The March Of Garcetti Cases Continues – No Free Speech Rights In The Workplace

In Garcetti v. Ceballos, 126 S.Ct. 1951 (2006), the United States Supreme Court held that the First Amendment provides no protections to an employee who is disciplined for speech that occurred as part of the employee’s job. The dozens of cases since Garcetti have made it abundantly clear how far the lower courts are construing the Garcetti decision. What follows is a summary of public employee free speech cases where the Garcetti decision was applied to bar employees from bringing free speech claims.

Speech Made In The Internal Affairs Process. In Bradley v. James, 2007 WL 623563 (8th Cir. 2007), a federal appeals court held that statements made by a police officer in the internal affairs process were unprotected by the First Amendment. In the internal affairs investigation, the officer reported that his police chief had been intoxicated when responding to a call. In dismissing the officer’s lawsuit alleging retaliation for participating in the investigation, the Court found that “as a police officer, the employee had an official responsibility to cooperate with the investigation being conducted into the response to the incident. The officer’s allegations of intoxication against the Chief were made at no other time during this investigation, and thus his speech was pursuant to his official and professional duties. We cannot find that the officer spoke as a citizen, and thus he has no First Amendment cause of action based on his employer’s reaction to the speech.”

Complaints About Policies. In Goddard v. City of Albany, Georgia, 2007 WL 527991 (M.D.Ga. 2007), the director of a civic center lost her First Amendment lawsuit challenging her termination when the Court determined that the statements she was allegedly terminated for – statements about the employer’s policy concerning tickets to certain events – were made as part of her job.

Handling Of Public Funds. In Williams v. Dallas Independent School District, 2007 WL 614212 (5th Cir. 2007), the athletic director and head football coach of a public high school in Texas lost his First Amendment free speech lawsuit in which he alleged he was retaliated against for sending a memorandum to the school’s office manager and principal questioning the handling of school athletic funds. The Court reasoned that “under Garcetti, we must shift our focus from the content of the speech to the role the speaker occupied when he said it. We hold that the memoranda to the office manager and principal were written in the course of the coach’s performance of his job as athletic director; thus, the speech contained therein is not protected by the First Amendment.”

Complaints About Safety. In Posey v. Lake Pend Oreille School District No. 84, 2007 WL 420256 (D.Idaho 2007), a security specialist for the School District claimed he was retaliated against for writing a memorandum to the School District concerning the safety and security of students and staff. The Court found that the First Amendment offered no protections to the employee, reasoning that the employee “did not communicate his concerns regarding school security and safety issues to the newspapers or his legislators. The Court concludes, then, that the employee did not speak or act in his capacity as a citizen when informing School District officials of his student-related safety and security concerns, but as an employee of the School District. Therefore, pursuant to Garcetti, summary judgment is appropriate in favor of the School District.”

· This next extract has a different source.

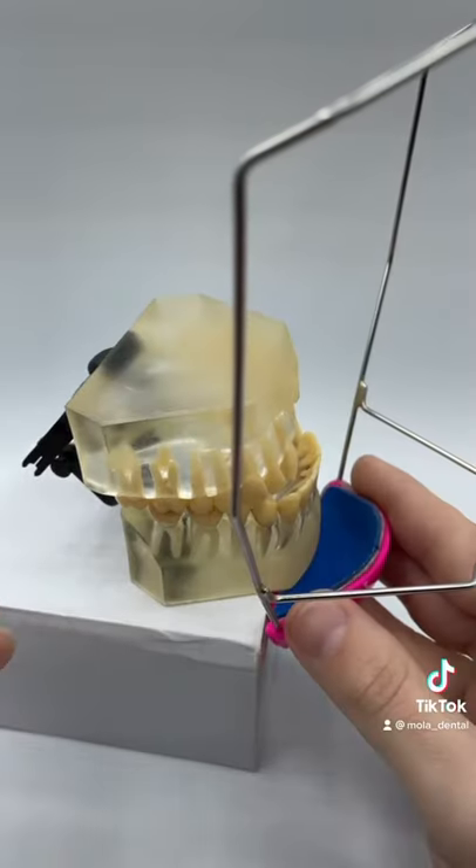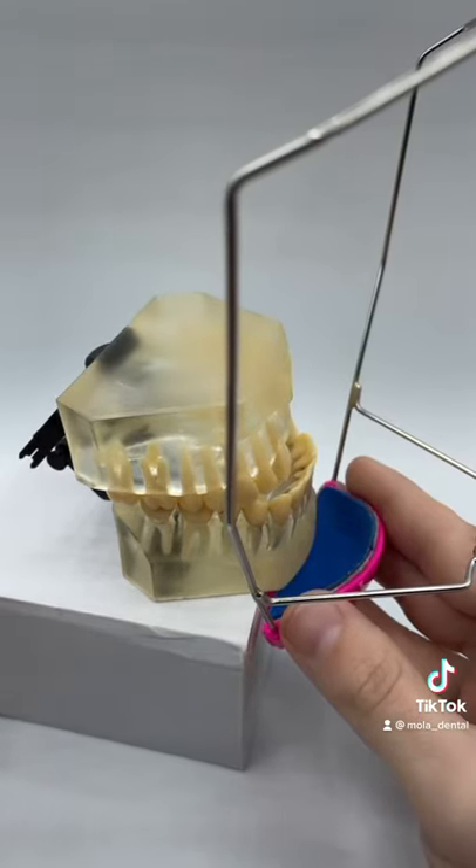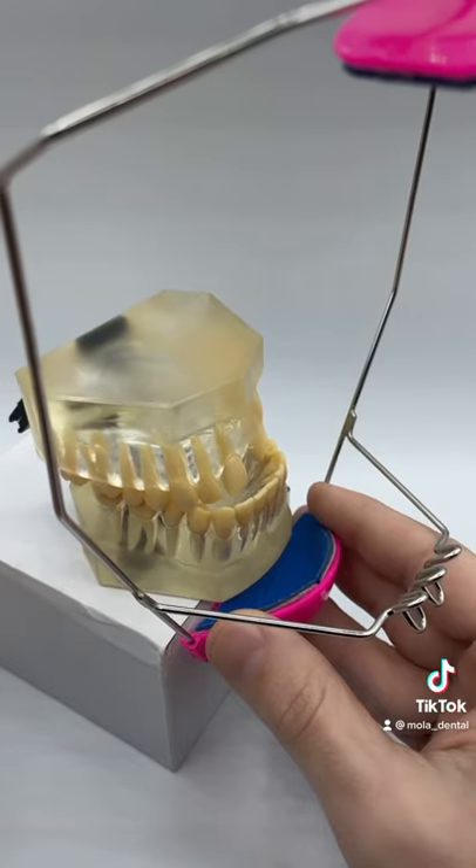Would you be able to sleep with a headgear every night? A headgear is going to be used on a patient with a Class 3 bite, or an underbite, so their lower jaw is more far forward. The patient will have to wear this for over a year, every single night.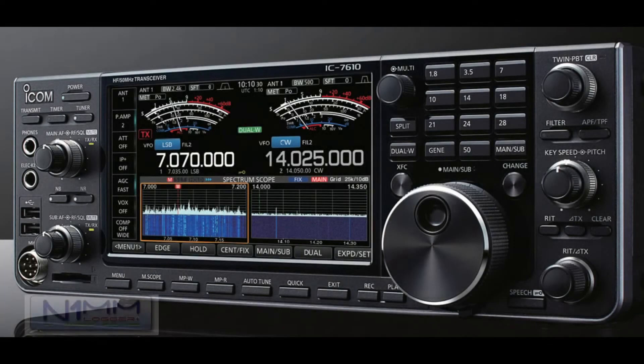Hi, KelowCharlie10Alpha here for another informational video on the ICOM 7610 and getting various modes to work and play well with N1MM Plus, the logger program.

Internal Memoranda On Operation Issues. In Jaworski v. New Jersey Turnpike Authority, 2007 WL 275720 (D.N.J. 2007), an engineer lost his First Amendment lawsuit when a court found that a memorandum he wrote concerning the award of a bid on a contract was unprotected by the First Amendment. The Court concluded that the engineer “was not speaking as a citizen when he authored the memorandum, but rather was acting pursuant to his official duties. In accordance with the Supreme Court’s ruling in Garcetti, this activity is not protected by the First Amendment.”

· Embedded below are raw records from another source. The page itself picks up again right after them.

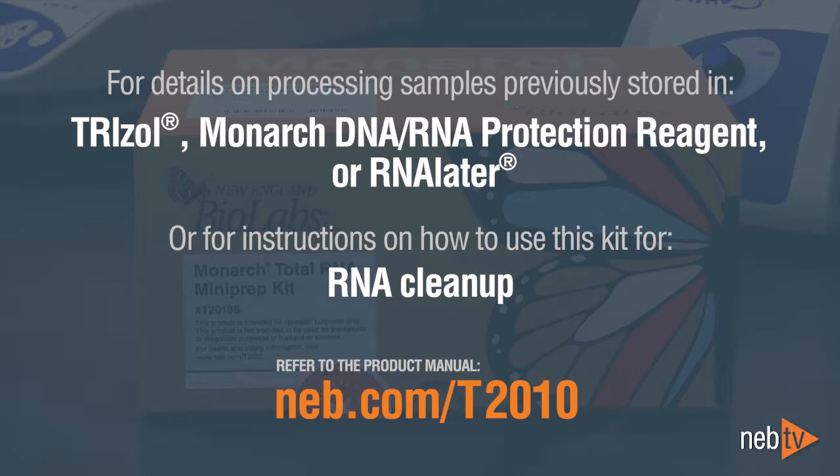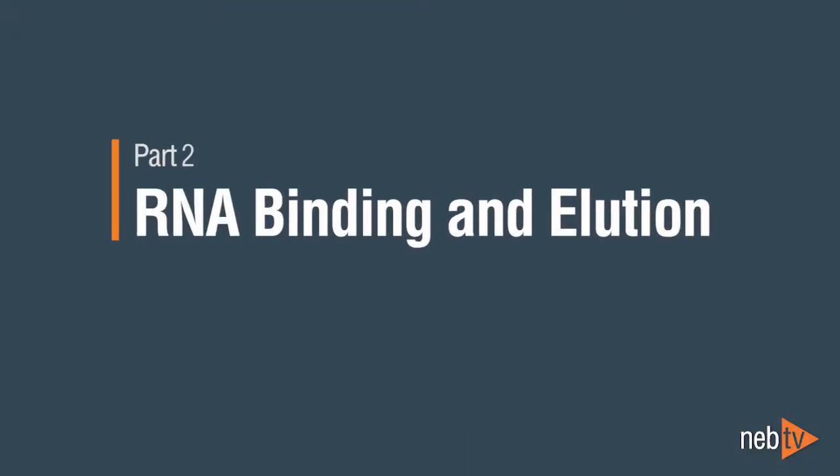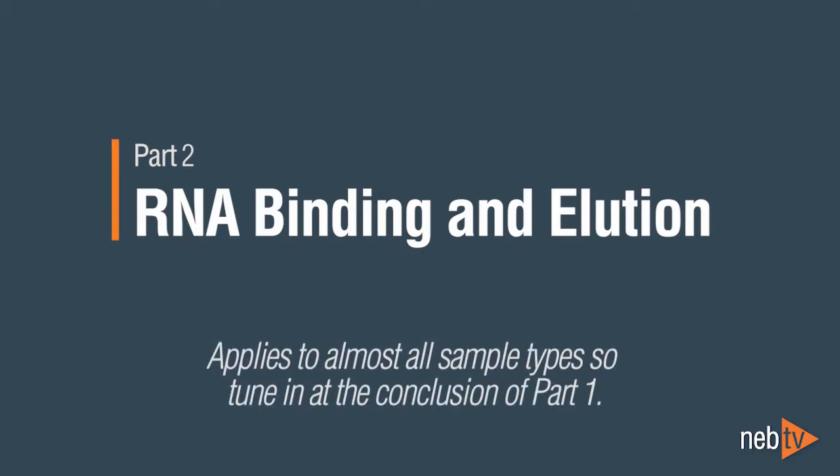For details on processing samples previously stored in TriZol, Monarch DNA RNA Protection Reagent, or RNA Later, or for instructions on how to use this kit for RNA cleanup, please refer to the protocols in the product manual, which can be found at neb.com/T2010. Part 2, RNA binding and elution, is almost identical for all sample types, so after viewing your specific protocol for Part 1, please tune in to Part 2.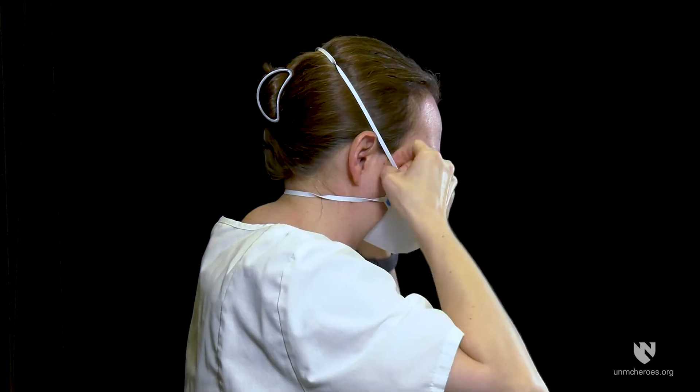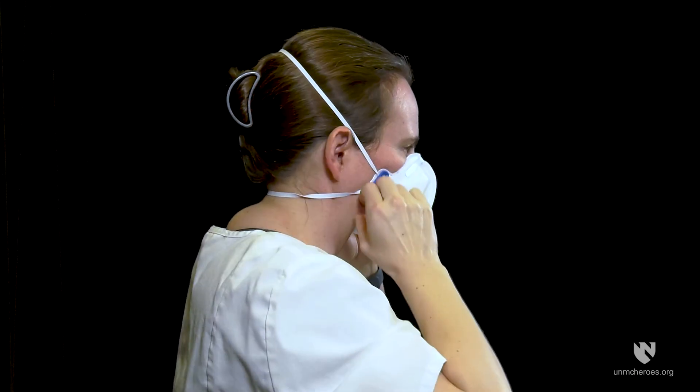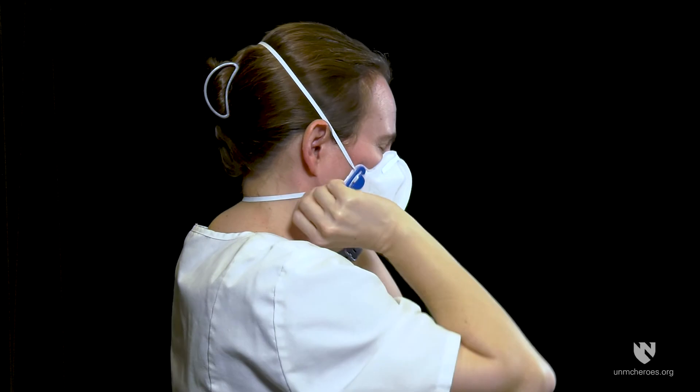Shape the nose clip to fit your nose, ensuring a good seal is created. Remove any twists in the head straps and adjust the mask to achieve a tight fit to your face.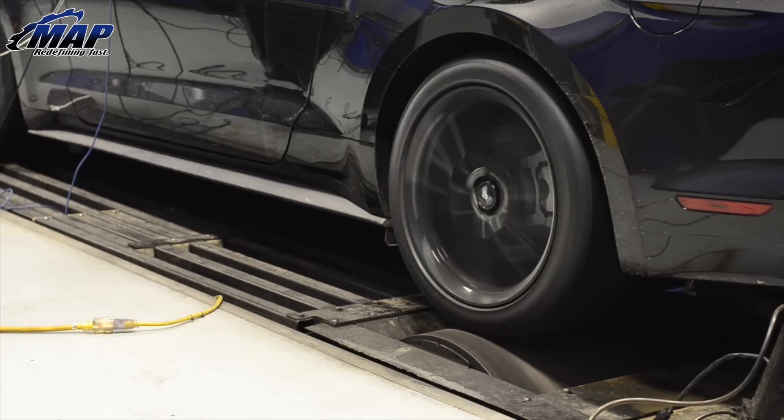We performed numerous dyno tests on our intake to get the most out of your 2015 EcoBoost Mustang. Check out the resulting power gains.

Complaints About Misuse Of Funds. In Richards v. City of Lowell, 2007 WL 293583 (D.Mass. 2007), the fiscal manager for a workforce investment board lost his free speech lawsuit when the Court concluded that complaints he made about the allegedly wrongful deposit and use of funds were unprotected by the First Amendment. The Court found that all of the complaints made by the employee were pursuant to his job, and thus were unprotected under Garcetti.

Charges Of Sexual Harassment. In Chambliss v. Illinois Department of Corrections, 2007 WL 518774 (S.D.Ill. 2007), a lawsuit was filed before the Garcetti decision by a female corrections officer alleging that she had been retaliated against for reporting sexual harassment. In the wake of Garcetti, the corrections officer simply gave up on the claim, stipulating that because the sexual harassment complaints were made in the course of her employment, they were unprotected by the First Amendment.

The article appears in our April 2007 issue.